For readers looking for the most defensible "latest stats," the safest interpretation is that the government's visible public benchmark remains the 2015-18 survey reference alongside the programme's published achievement figures from the mid-2010s.
- Check whether the source is an official government page, because NPCBVI data is often republished elsewhere with gaps or inconsistencies.
- Use the latest publicly cited prevalence estimate, which is 0.45% as a projected rate on government pages.
- Use the most recent officially listed achievement figures for surgery, screening, and eye donation when comparing programme performance.
- Distinguish between national prevalence estimates and annual service outputs, because they measure different things.
What experts watch next
The next important question is whether India can convert high cataract-surgery volume into sustained reductions in avoidable blindness while also expanding coverage for newer causes of vision loss.
Public health analysts also watch whether school screening, spectacle distribution, and eye-bank capacity keep pace with need, because those indicators help show whether the programme is functioning as a broad eye-care system rather than a single-intervention campaign.
Bottom line data
The clearest current answer is that India's blindness-control programme still reports a projected prevalence of 0.45%, with the most commonly cited official benchmarks showing a decline from 1.1% to 1.0% in older surveys and millions of cataract surgeries delivered each year.
That makes NPCBVI one of India's longest-running and most data-heavy public health programmes, but also one where the newest headline metric is less visible than the long-running operational statistics that continue to define performance.
Key concerns and solutions for National Programme For Control Of Blindness Latest Gaps Exposed
What is the current blindness prevalence under NPCBVI?

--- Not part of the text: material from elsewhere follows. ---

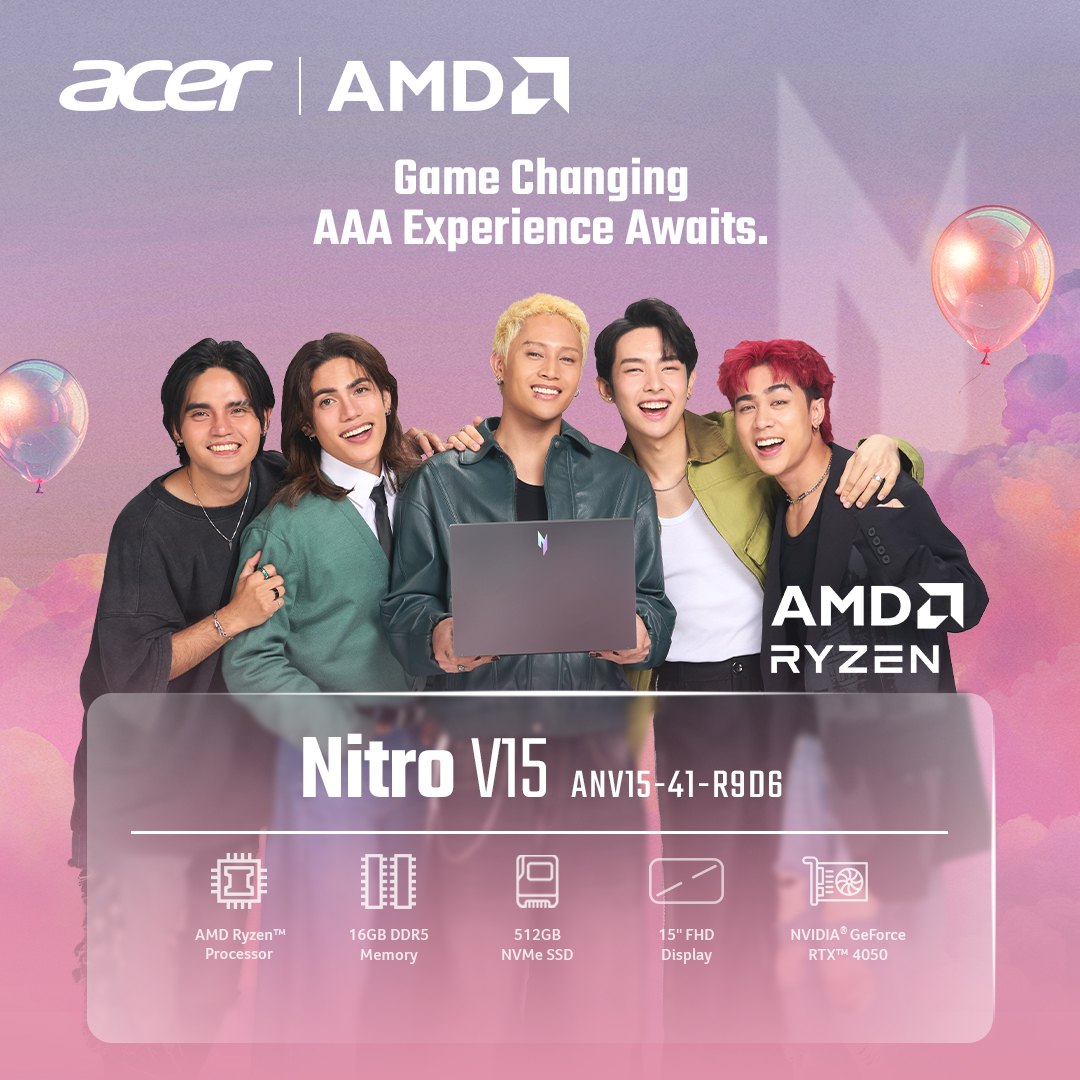 Secure the win both in-game and IRL.

The #AcerNitro V15, powered by AMD Ryzen™, comes locked and loaded with 16GB DDR5 memory, 512GB NVMe SSD, a sharp 15" FHD display, and RTX™ 4050 graphics. This is your power rig for clutch raids and clutch deadlines.

Your next victory drop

Official programme pages cite a survey estimate of 1.1% in 2001-02, a rapid-survey estimate of 1.0% in 2006-07, and a projected current prevalence rate of 0.45%.
When was the programme launched?
The National Programme for Control of Blindness and Visual Impairment was launched in 1976.
What is the main cause of blindness in the programme data?
Cataract remains the largest listed cause, with government pages citing it at 62.6% of blindness causes in the programme's summary data.
How many cataract surgeries were performed in the cited years?
Government programme pages cite 64,19,933 cataract operations in 2014-15 and 63,04,177 in 2015-16.
Is the programme limited to cataract care?
No, the programme also covers refractive error screening, glaucoma, diabetic retinopathy, childhood blindness, corneal blindness, and eye donation-related services.